Bir zamanlar, zengin kızı, güzel Kezban'a aşık olan Çoban Ali, aylar yıllar yüreğinde yanıp tutuşan karasevdasına dayanamaz, anasına açar:
- "Bu aşk, Kezban'la beni ondurmaz, öldürür, bir kez git, kızı babasından iste, görelim ne derler?" diyerek, anasını zenginin evine yollar. Kızın babası:
- "Oğluna söyle... Yüksek dağların başı dumanlı olur, baş döndürür. Başını yükseklerde gezdireceğine, dağın eteklerinde sürüsünü otlatsın, dengini bulsun..."

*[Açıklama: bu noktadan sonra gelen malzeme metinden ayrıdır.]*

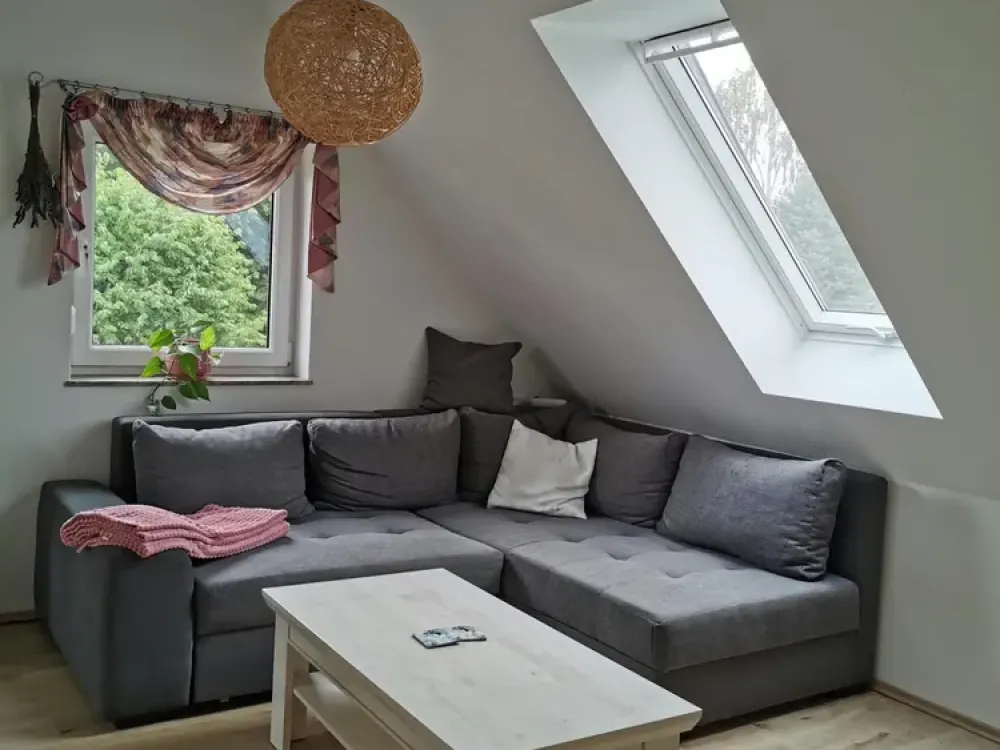 Wohnen auf Zeit moderne Zweiraumwohnung "im Leipziger Speckgürtel" sucht zuverlässige(n) Mieter(in)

Bu sözler, Ali'nin de, Kezban'ın da yüreklerini can evinden yaralar. Kaçmaya karar verirler ama, bir pınar başında buluştukları gece, pusuya düşerler, aşklarının kefaretini hayatlarıyla öderler. Ardından türküler, türküler... Sesler bütün Uşak yaylalarını doldurur, sesler tellerden dökülür:
Evlerinin önü marul,
Sular akar harıl harıl,
Koy da git, dengine sarıl.
Uyan Alim nenni lel lel,
Eller geldi sen de gel gel.
Bu kez Kezban'ın ardından bir türkü daha:
Ekinler ekilirken,
Çiziye dökülürken,
Seni benden ayırdılar,
Suna boylu Kezbanım,
Şafaklar sökülürken,
Uşak duman, sis oldu,
Açılan güller soldu.
Aç yüzünü göreyim,
Suna boylu Kezbanım,
Kalbim hasretle doldu.
Binlerce Anadolu türküsü gibi, bu çok tanınan, dillerden düşmeyen Uşak türküsü de içli, vuslatı olmayan bir aşkın hikâyesidir. Uşaklılar, bahar gelip de koyun-kuzu melemeye başladı mı, fırsatını bulur, Akse çamlığında, ya da Banaz'daki Evren Dede koruluğunda, felekten bir gün çalar, sıra sıra sazlarıyla Kezban'ı da Ali'sini de bu türkülerle dile getirirler.